Oct. 22 — As investigators continue to probe a possible espionage plot at the Guantanamo Bay prison, NBC News has obtained new details on the founder of the Muslim chaplain program for the U.S. military.
Abdurahman Alamoudi is a prominent American Muslim leader, welcomed by presidents and founder of the Muslim chaplain program for the U.S. military.
Now he’s in jail, caught heading to Syria with $340,000 in cash, money prosecutors believe came from Libya. According to FBI counterterrorism chief Steve Pomerantz, “It’s very hard to explain in any innocent way a suitcase full of money going from one terrorist-sponsoring nation to another terrorist-sponsoring nation.”
U.S. investigators speculated in court that the money was headed for Hamas or another terror group in Syria. A British document obtained by NBC News describes Alamoudi as “evasive” and at one point untruthful when caught with the cash in London.
But May Kheder, Alamoudi’s lawyer, insists the money was legally obtained and not intended for terrorism. “Dr. Alamoudi maintains that he has no connection whatsoever to any terrorist activity,” Kheder says.

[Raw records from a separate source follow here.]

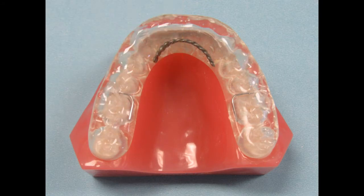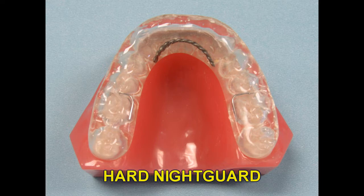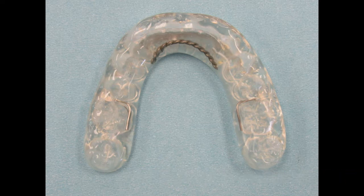The most popular night guard that we fabricate is the hard acrylic night guard or bruxism splint. This appliance is made of a clear hard acrylic and held in place with ball clasps. A strengthening wire is added to improve the durability of the appliance. It can be made to be worn on the upper or the lower arch — usually the doctor's preference, and we make about 50% uppers and 50% lowers. The hard acrylic night guard is designed to protect the teeth and restorations from the harmful effects of nighttime bruxing and grinding.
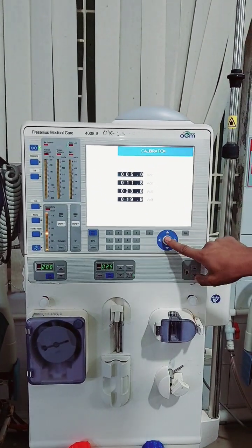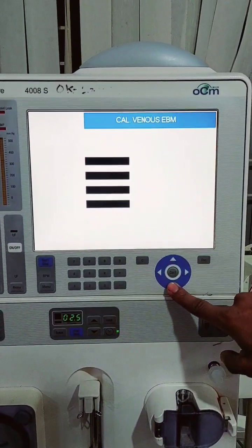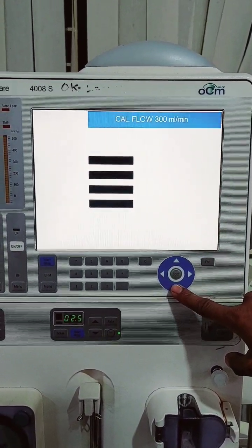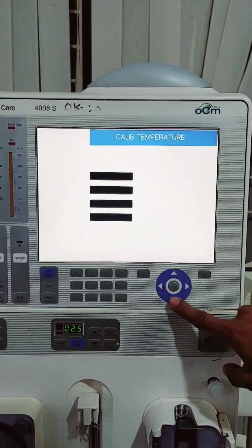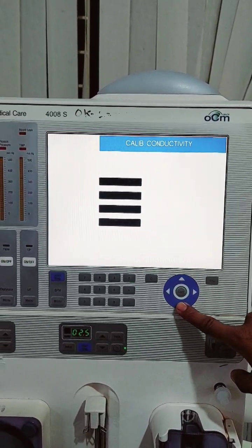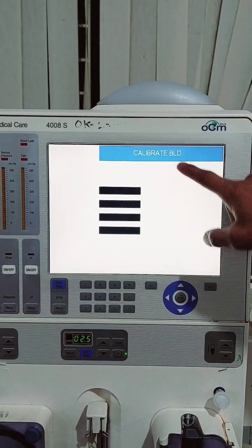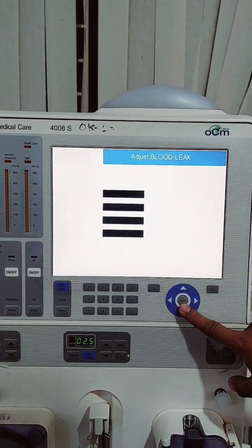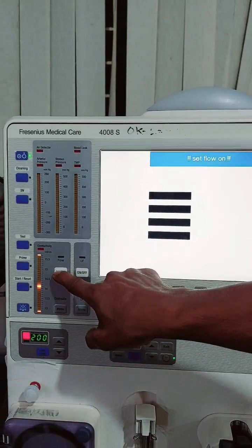Calibration. Press the confirm key. Calibrate blood. Confirm key. Okay, follow on.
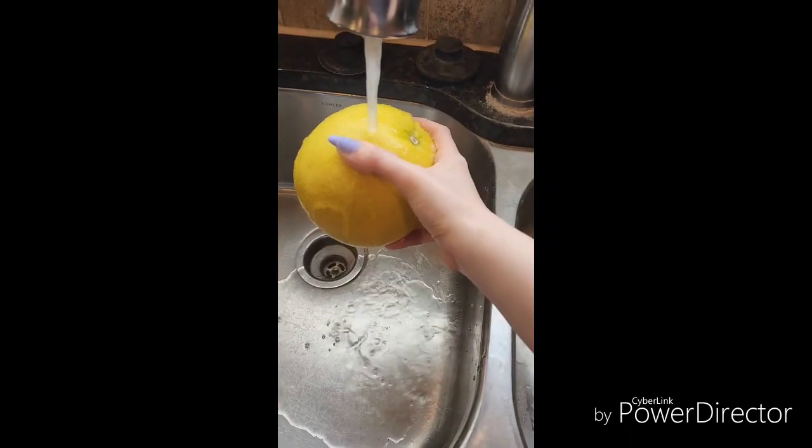How to prepare a pomelo. Get a pomelo, wash that pomelo — you know how it goes.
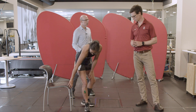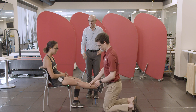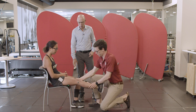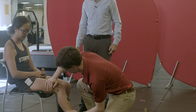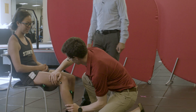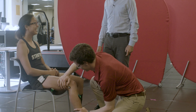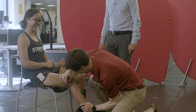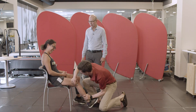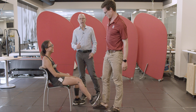So we're going to have Hannah do a maximum contraction of her quadriceps. Scott will resist while she extends her knee. We'll encourage her to ensure we get a maximum contraction. She performs the contraction, and we got a maximum contraction — we'll use that as the one, the maximum.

However, in an audiotape of a conversation obtained by NBC News, Alamoudi seems to embrace violence. Speaking Arabic, Alamoudi criticizes Osama bin Laden — not for acts of violence, but for his choice of targets, specifically the bombing of the U.S. embassies in Africa. A translator quotes Alamoudi as saying, “Many African Muslims have died and not a single American died.”
In fact, 12 Americans were killed. Alamoudi adds, “I prefer to hit a Zionist target in America, or Europe, or elsewhere.”
White house protest
When a partial transcript of the same tape was read in court, Alamoudi’s lawyer said the remarks were part of a two-hour conversation. She now tells NBC her client doesn’t remember ever saying such things.
At a protest outside the White House in 2000, he did support terrorist groups. On tape, he’s heard saying, “Hear that, Bill Clinton. We are all supporters of Hamas. Allah Akbar!”
So far, the criminal case against Alamoudi does not touch on his role in the chaplain program. But the allegations against him intensify concerns about the selection of Muslim chaplains, since Alamoudi served as a consultant to the Pentagon on the program until his recent arrest.
Lisa Myers is NBC News’ senior investigative correspondent.